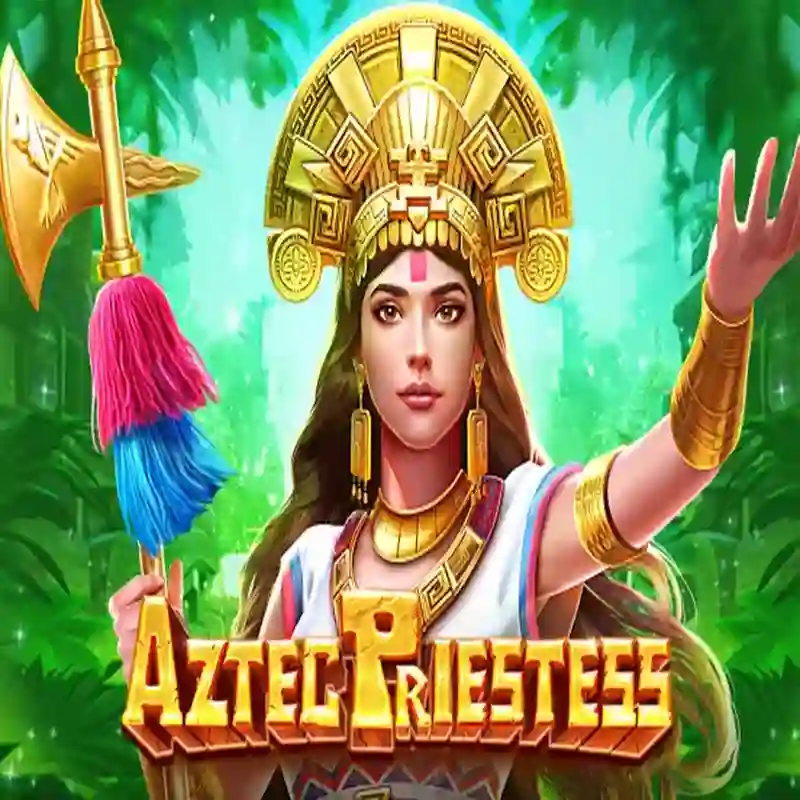 Aztec Priestess Slot mxk7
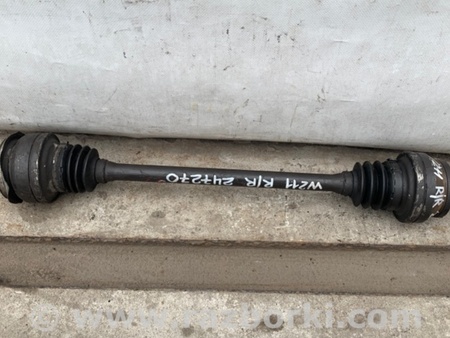 ФОТО Привод задний для Mercedes-Benz E-CLASS W211 (02-09) Киев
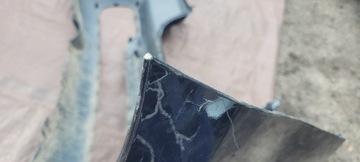 фото thumb №12, Kia pro ceed ii 2 13- бампер зад задній 86611-a2300 / 6006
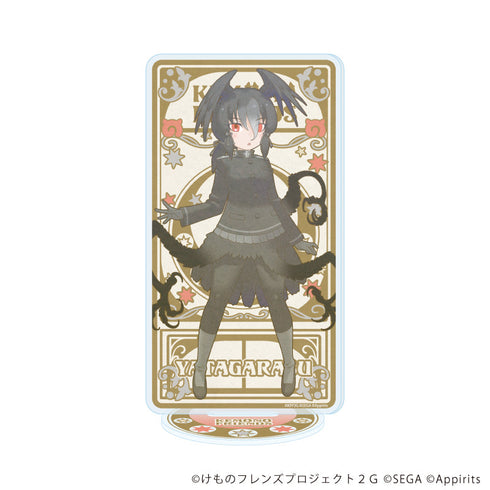 『けものフレンズ3』アクリルスタンド11/ヤタガラス(ANTRAITEイラスト)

» WORK TASK
Restate the data above exactly, stripping out each image.

» RESULT OF THE EXERCISE
 Aztec Priestess Slot mxk7
 ФОТО Привод задний для Mercedes-Benz E-CLASS W211 (02-09) Киев
 фото thumb №12, Kia pro ceed ii 2 13- бампер зад задній 86611-a2300 / 6006
 『けものフレンズ3』アクリルスタンド11/ヤタガラス(ANTRAITEイラスト)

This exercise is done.